- WHAT IS NEEDED
In the listing below, find the line holding "Осіння побілка дерев" and the line holding "Argyranthemum". Write out those two lines and all lines between, exactly, and nothing more.

- RECORDS FOR THIS EXERCISE
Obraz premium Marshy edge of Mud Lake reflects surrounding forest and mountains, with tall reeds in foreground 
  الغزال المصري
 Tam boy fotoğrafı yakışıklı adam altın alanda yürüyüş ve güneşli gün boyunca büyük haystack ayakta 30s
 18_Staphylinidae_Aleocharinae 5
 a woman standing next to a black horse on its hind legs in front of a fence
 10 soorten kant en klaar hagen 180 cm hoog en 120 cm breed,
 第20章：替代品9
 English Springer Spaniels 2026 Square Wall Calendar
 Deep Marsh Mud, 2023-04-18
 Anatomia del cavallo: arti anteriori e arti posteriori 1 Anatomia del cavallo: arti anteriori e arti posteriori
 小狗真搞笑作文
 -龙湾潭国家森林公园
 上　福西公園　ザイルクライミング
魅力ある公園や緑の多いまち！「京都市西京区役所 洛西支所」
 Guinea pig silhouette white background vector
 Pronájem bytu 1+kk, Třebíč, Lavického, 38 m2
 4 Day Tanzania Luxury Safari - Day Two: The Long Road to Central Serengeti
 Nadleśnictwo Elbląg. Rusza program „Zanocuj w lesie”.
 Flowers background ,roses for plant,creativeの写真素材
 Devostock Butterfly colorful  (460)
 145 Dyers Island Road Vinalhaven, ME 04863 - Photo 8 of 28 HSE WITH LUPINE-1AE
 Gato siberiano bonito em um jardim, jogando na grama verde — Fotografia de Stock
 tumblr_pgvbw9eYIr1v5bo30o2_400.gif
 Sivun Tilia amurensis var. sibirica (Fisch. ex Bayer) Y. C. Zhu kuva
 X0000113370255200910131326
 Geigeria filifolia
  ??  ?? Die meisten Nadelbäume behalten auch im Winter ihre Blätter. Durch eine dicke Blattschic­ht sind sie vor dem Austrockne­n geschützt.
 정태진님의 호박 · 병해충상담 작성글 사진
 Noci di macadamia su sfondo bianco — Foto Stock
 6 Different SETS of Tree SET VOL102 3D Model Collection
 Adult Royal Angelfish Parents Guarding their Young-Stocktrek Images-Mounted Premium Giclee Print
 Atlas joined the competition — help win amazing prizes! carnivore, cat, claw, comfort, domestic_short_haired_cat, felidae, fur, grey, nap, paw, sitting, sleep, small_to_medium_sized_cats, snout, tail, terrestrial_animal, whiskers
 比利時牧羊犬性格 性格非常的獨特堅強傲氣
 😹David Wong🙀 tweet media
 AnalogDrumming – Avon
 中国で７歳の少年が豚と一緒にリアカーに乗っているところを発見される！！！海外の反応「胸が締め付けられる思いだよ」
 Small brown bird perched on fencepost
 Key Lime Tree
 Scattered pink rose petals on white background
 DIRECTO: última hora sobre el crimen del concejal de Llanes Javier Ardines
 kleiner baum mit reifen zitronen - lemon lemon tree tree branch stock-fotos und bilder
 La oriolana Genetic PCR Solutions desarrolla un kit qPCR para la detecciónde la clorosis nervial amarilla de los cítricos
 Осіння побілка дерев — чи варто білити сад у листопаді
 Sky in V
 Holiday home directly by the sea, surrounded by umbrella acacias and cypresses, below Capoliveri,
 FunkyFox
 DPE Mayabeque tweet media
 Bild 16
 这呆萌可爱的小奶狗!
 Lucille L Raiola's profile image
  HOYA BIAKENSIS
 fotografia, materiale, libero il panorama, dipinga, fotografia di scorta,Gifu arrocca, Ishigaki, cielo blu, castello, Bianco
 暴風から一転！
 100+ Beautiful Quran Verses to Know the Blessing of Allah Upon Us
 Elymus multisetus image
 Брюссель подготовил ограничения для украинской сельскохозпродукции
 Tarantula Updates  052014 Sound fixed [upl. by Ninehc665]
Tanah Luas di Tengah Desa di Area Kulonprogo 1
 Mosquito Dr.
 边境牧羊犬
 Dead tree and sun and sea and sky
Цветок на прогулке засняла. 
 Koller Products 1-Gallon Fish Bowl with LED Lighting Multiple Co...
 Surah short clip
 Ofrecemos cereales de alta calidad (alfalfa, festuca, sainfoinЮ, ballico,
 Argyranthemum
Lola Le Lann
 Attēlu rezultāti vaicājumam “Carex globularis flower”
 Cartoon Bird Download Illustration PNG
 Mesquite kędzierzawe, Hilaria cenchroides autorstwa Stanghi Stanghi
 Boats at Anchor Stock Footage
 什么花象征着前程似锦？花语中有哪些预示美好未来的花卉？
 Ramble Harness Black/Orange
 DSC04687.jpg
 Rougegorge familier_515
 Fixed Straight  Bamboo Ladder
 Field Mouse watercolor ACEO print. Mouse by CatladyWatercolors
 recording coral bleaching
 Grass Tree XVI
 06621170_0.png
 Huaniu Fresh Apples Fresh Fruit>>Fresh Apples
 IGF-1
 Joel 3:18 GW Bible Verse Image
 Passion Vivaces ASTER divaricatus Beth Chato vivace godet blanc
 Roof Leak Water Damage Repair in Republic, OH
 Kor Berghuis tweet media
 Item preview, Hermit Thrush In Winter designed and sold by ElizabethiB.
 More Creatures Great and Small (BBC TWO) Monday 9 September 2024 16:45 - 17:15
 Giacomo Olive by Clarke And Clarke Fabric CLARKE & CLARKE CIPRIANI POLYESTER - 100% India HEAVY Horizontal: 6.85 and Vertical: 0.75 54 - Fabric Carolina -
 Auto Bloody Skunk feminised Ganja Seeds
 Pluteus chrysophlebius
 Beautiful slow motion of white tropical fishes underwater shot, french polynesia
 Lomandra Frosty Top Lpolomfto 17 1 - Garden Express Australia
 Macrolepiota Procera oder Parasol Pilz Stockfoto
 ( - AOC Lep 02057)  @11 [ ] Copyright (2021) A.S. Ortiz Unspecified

- RESPONSE FOR THIS EXERCISE
 Осіння побілка дерев — чи варто білити сад у листопаді
 Sky in V
 Holiday home directly by the sea, surrounded by umbrella acacias and cypresses, below Capoliveri,
 FunkyFox
 DPE Mayabeque tweet media
 Bild 16
 这呆萌可爱的小奶狗!
 Lucille L Raiola's profile image
  HOYA BIAKENSIS
 fotografia, materiale, libero il panorama, dipinga, fotografia di scorta,Gifu arrocca, Ishigaki, cielo blu, castello, Bianco
 暴風から一転！
 100+ Beautiful Quran Verses to Know the Blessing of Allah Upon Us
 Elymus multisetus image
 Брюссель подготовил ограничения для украинской сельскохозпродукции
 Tarantula Updates  052014 Sound fixed [upl. by Ninehc665]
Tanah Luas di Tengah Desa di Area Kulonprogo 1
 Mosquito Dr.
 边境牧羊犬
 Dead tree and sun and sea and sky
Цветок на прогулке засняла. 
 Koller Products 1-Gallon Fish Bowl with LED Lighting Multiple Co...
 Surah short clip
 Ofrecemos cereales de alta calidad (alfalfa, festuca, sainfoinЮ, ballico,
 Argyranthemum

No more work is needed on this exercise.